Opinion
No. 87-1451.
June 23, 1988.
Appeal from the Circuit Court, Hernando County, L.R. Huffstetler, Jr., J.
Robert A. Butterworth, Atty. Gen., Tallahassee, and Kevin Kitpatrick Carson, Asst. Atty. Gen., Daytona Beach, for appellant.
James Martin Brown, Brooksville, for appellee.
This is an appeal from an order of dismissal entered pursuant to Rule 3.190(c)(4), Florida Rule of Criminal Procedure.
The motion of appellee seeking the dismissal is little more than legal argument and reference to a previous motion and a deposition. The rule requires "[t]he facts on which such motion is based should be specifically alleged and the motion sworn to." Appellee merely says what he expects another witness to say and discusses some law relating to circumstantial evidence.

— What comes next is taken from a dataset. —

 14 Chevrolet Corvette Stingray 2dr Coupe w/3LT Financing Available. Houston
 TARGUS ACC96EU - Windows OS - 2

The facts of the case must be specifically alleged, under oath, must be considered in the light most favorable to the prosecution, and must clearly demonstrate that no crime, or one lesser than the one charged, was committed before the court can properly afford relief under the rule. That was not done here so we must quash the order and remand for trial. State v. Upton, 392 So.2d 1013 (Fla. 5th DCA 1981).
ORDER QUASHED, REMANDED.
SHARP, C.J., and DAUKSCH and ORFINGER, JJ., concur.